● DATA SECTION:

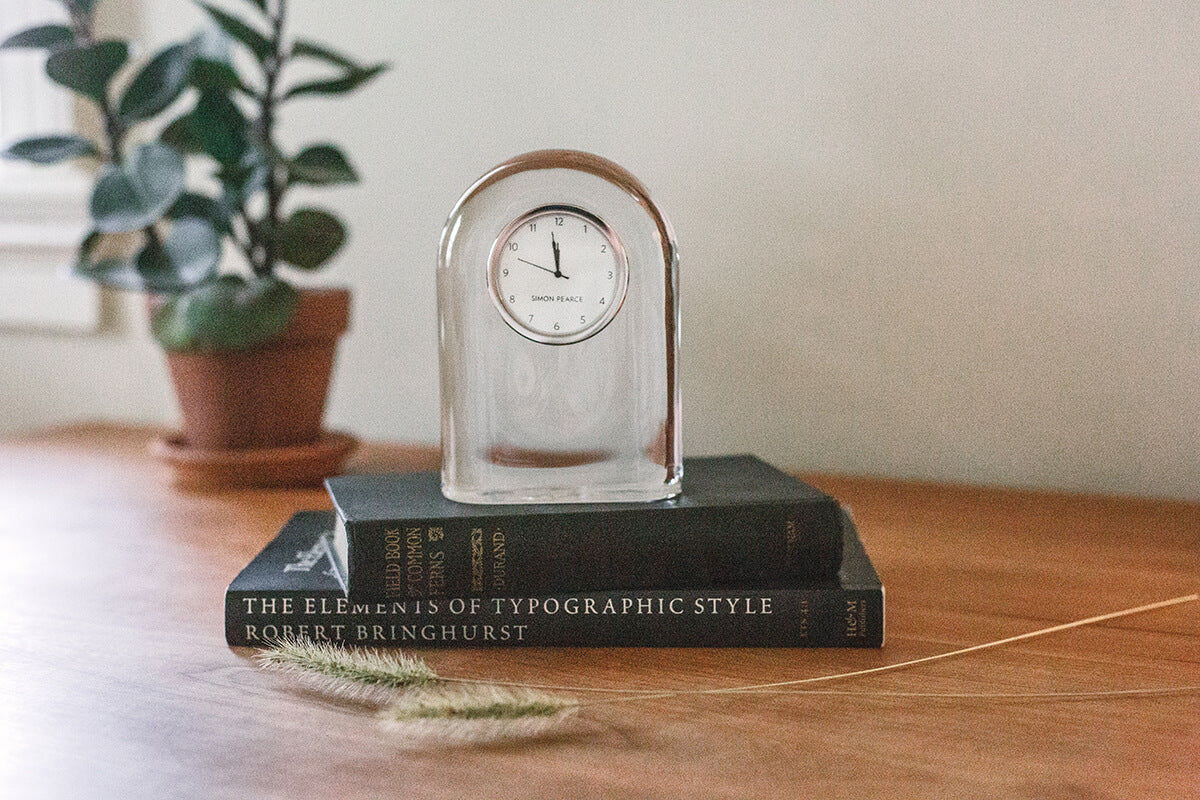 The Simon Pearce Barre Clock, a handblown glass timepiece, sits atop two stacked books on a wooden surface with a potted plant in the background—adding a modern touch to any space.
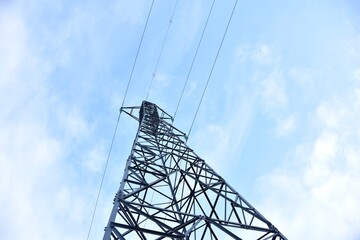 Electricity tower seen from the base. Sunny and cloudy day in the Cidacos valley.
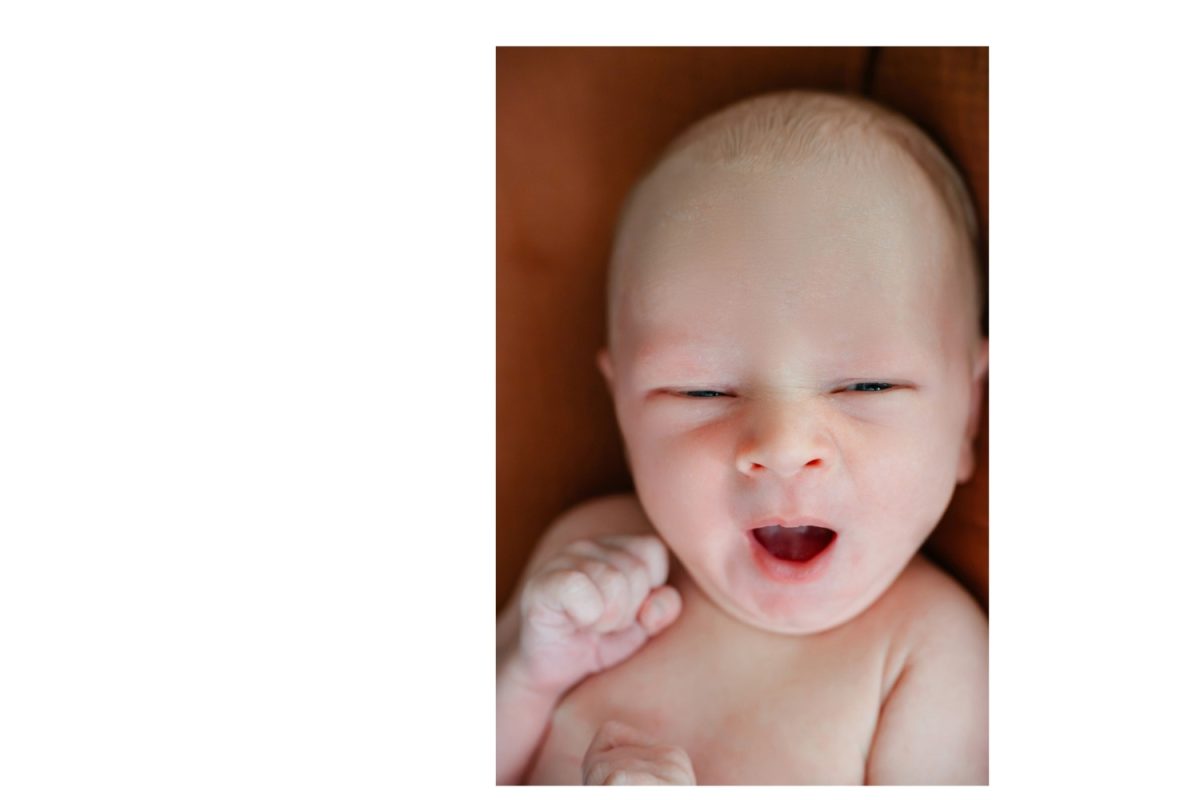 A colour cute newborn portrait with baby making a funny face , taken at home in Langford BC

● PROBLEM STATEMENT:
With every picture left out, print exactly the lines from the one containing "Electricity tower seen" through the final line of the material above.

● RESPONSE:
 Electricity tower seen from the base. Sunny and cloudy day in the Cidacos valley.
 A colour cute newborn portrait with baby making a funny face , taken at home in Langford BC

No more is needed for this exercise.